PROBLEM: Every line below needs to be printed again exactly, without any of its pictures.
━━ DATA ━━
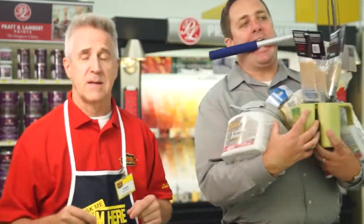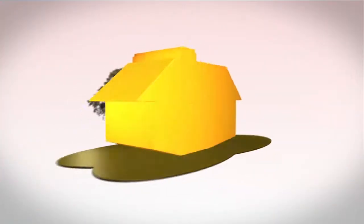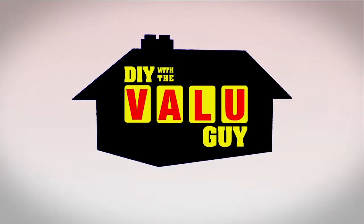Before you even think about painting, it's important to consider everything that goes into a great paint job. Welcome to another episode of DIY with the Value Guy. Today we're going to talk about prepping walls for painting, which generally includes wiping them down and patching any cracks or holes.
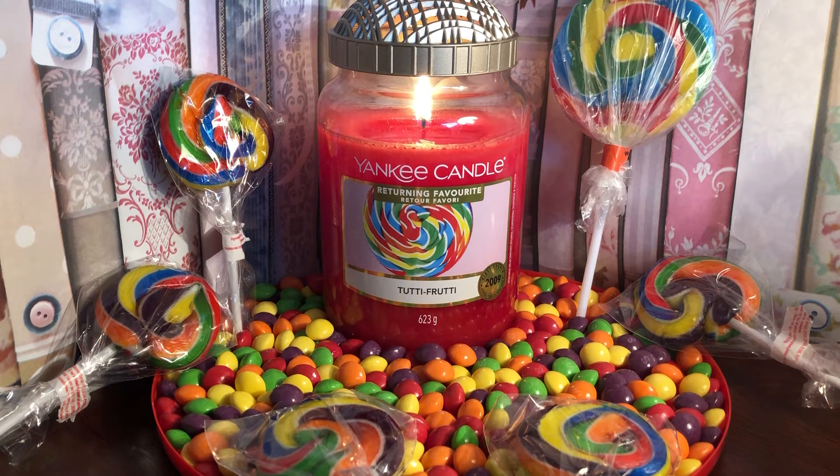Once lit you can smell all of the notes, but the dominant ones for me are cherry, strawberry, raspberry and then that lemon, which just cuts through and really shines. This scent is a warm one — it creates a warm and cosy feeling, which really surprised me because I thought it would be light and sweet. It's definitely rich and warm.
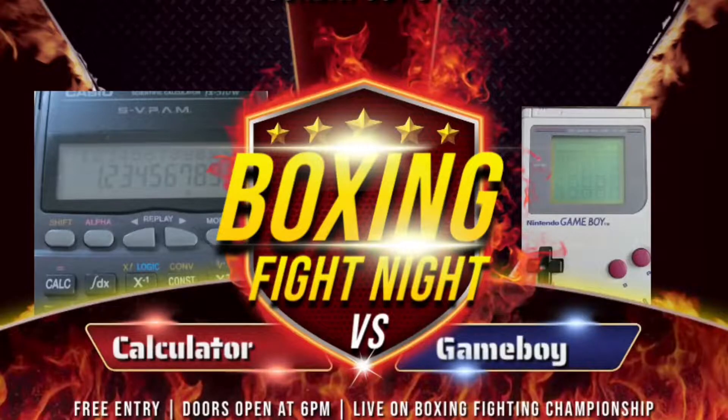But like seriously, up until this point Nintendo was using calculator screens or something. But why would someone want to use this thing nearly 20 years after it was first released?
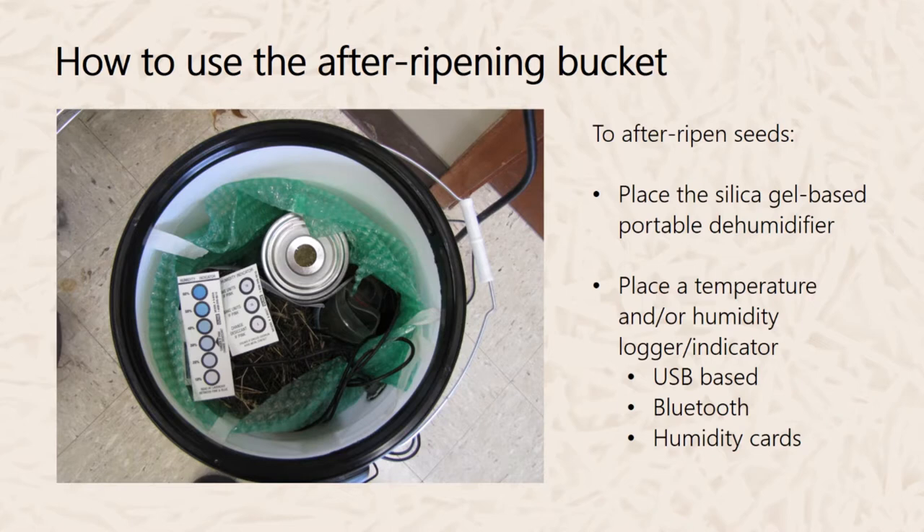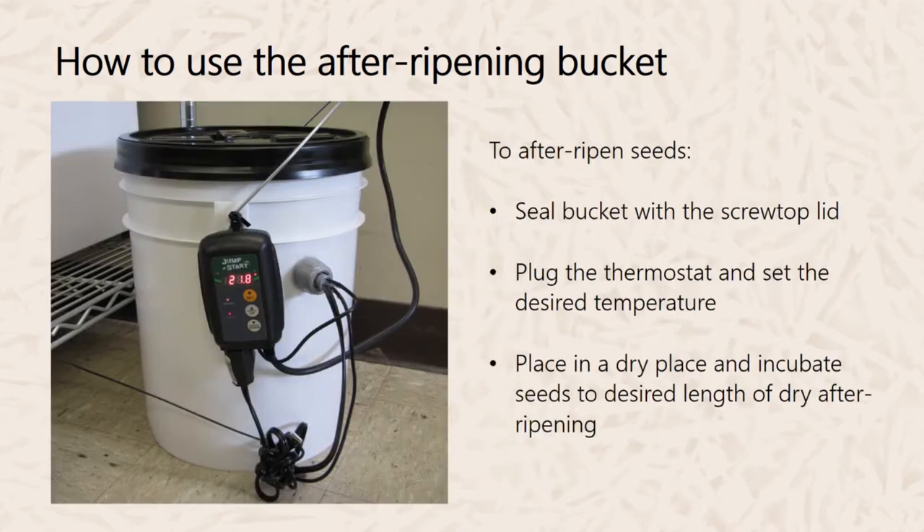The downside of the humidity card is that you'll have to open the bucket periodically to check humidity. A workaround would be to make a transparent airtight window on the side of the bucket so you can view the humidity indicator without opening it. Once your desiccant and seeds are inside, seal the bucket with the screw-top lid, plug in the thermostat and set it to your desired after-ripening temperature, then place the bucket in a dry location and incubate for the desired after-ripening duration.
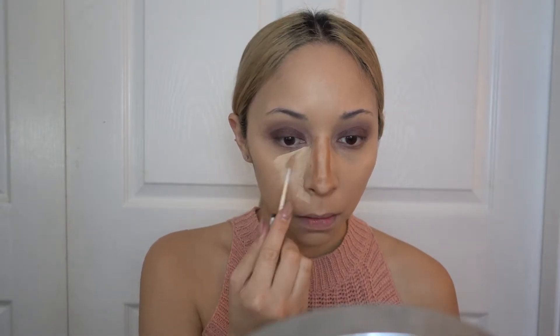To contour my nose I'm using the LA Girl Pro Conceal in the color Beautiful Bronze. And to conceal and highlight my face I'm using the NYX HD Concealer in the color Beige.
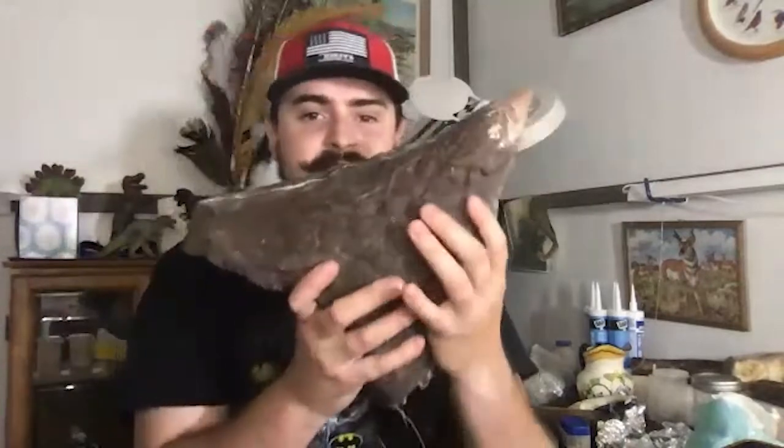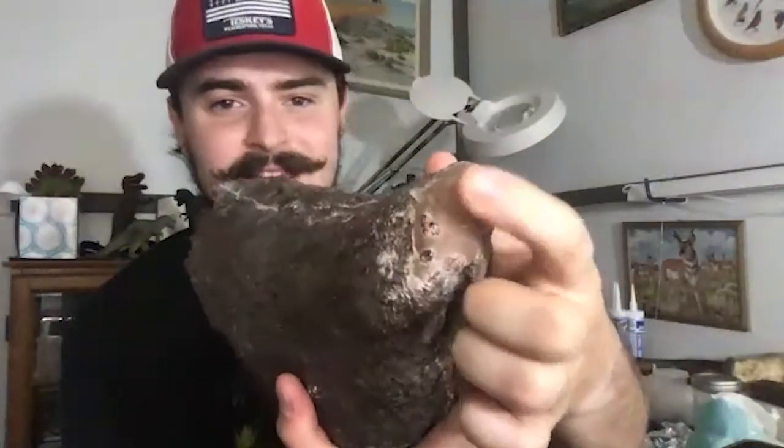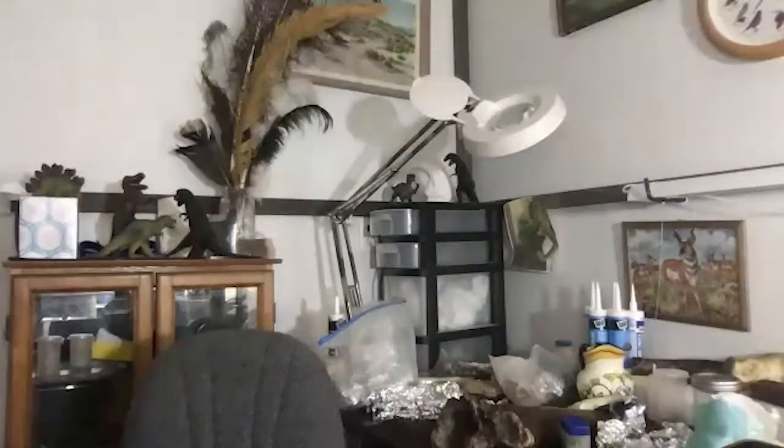One example would be this Triceratops horn — the nose horn. The beak would be right here, then you have the eye and the brow horns. This is a real Triceratops horn. The tip has been completed with paleo bond putty — it's a resin putty, a mixture of two putties. You roll them up, mold it, and they rock-harden. Most of this horn is real; the restored tip is maybe 1% of it. Any missing sections would need that kind of restoration if we don't find more at the site.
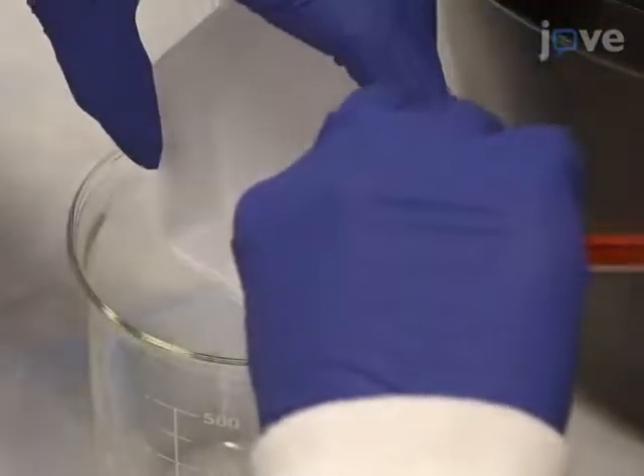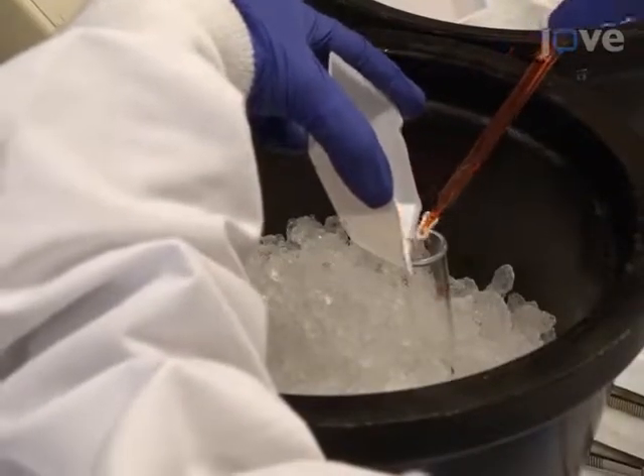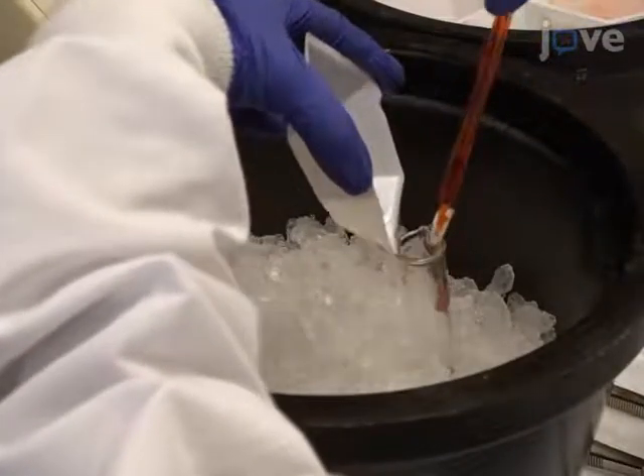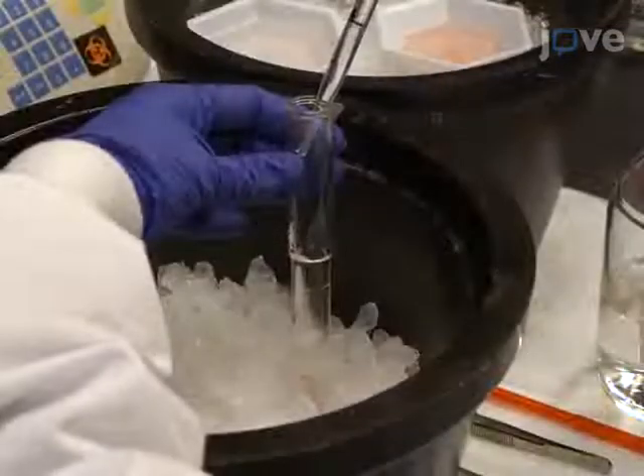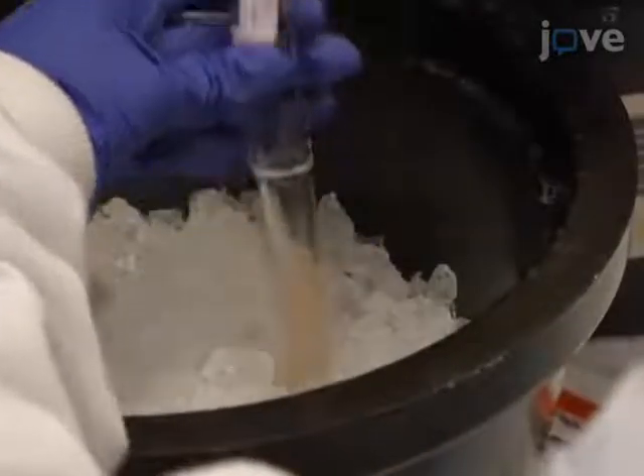Carefully discard the PBS and transfer the tissue to a pre-chilled 7 mL glass Teflon Downs homogenizer. Then add 5 mL of ice-cold MSEGTA buffer and homogenize until there are no visible tissue pieces.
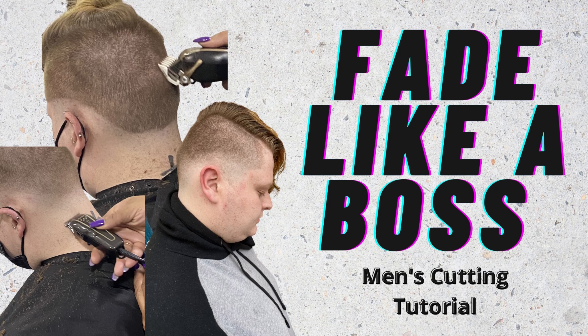Hey guys, welcome back. Today's video is all about clipper cuts. I demoed a haircut on one of my students and I hope you guys enjoy.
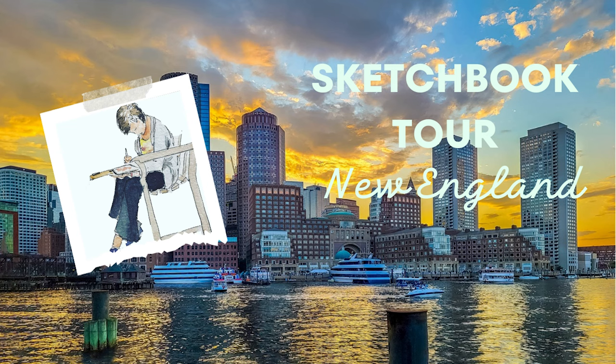Hey everybody, this is Diane and I am back with part two of my sketchbook tour for my big lovely Hannah Mula sketchbook.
━━━
FINAL ANSWER:
Before you even think about painting, it's important to consider everything that goes into a great paint job. Welcome to another episode of DIY with the Value Guy. Today we're going to talk about prepping walls for painting, which generally includes wiping them down and patching any cracks or holes.
Once lit you can smell all of the notes, but the dominant ones for me are cherry, strawberry, raspberry and then that lemon, which just cuts through and really shines. This scent is a warm one — it creates a warm and cosy feeling, which really surprised me because I thought it would be light and sweet. It's definitely rich and warm.
But like seriously, up until this point Nintendo was using calculator screens or something. But why would someone want to use this thing nearly 20 years after it was first released?
The downside of the humidity card is that you'll have to open the bucket periodically to check humidity. A workaround would be to make a transparent airtight window on the side of the bucket so you can view the humidity indicator without opening it. Once your desiccant and seeds are inside, seal the bucket with the screw-top lid, plug in the thermostat and set it to your desired after-ripening temperature, then place the bucket in a dry location and incubate for the desired after-ripening duration.
To contour my nose I'm using the LA Girl Pro Conceal in the color Beautiful Bronze. And to conceal and highlight my face I'm using the NYX HD Concealer in the color Beige.
One example would be this Triceratops horn — the nose horn. The beak would be right here, then you have the eye and the brow horns. This is a real Triceratops horn. The tip has been completed with paleo bond putty — it's a resin putty, a mixture of two putties. You roll them up, mold it, and they rock-harden. Most of this horn is real; the restored tip is maybe 1% of it. Any missing sections would need that kind of restoration if we don't find more at the site.
Carefully discard the PBS and transfer the tissue to a pre-chilled 7 mL glass Teflon Downs homogenizer. Then add 5 mL of ice-cold MSEGTA buffer and homogenize until there are no visible tissue pieces.
Hey guys, welcome back. Today's video is all about clipper cuts. I demoed a haircut on one of my students and I hope you guys enjoy.
Hey everybody, this is Diane and I am back with part two of my sketchbook tour for my big lovely Hannah Mula sketchbook.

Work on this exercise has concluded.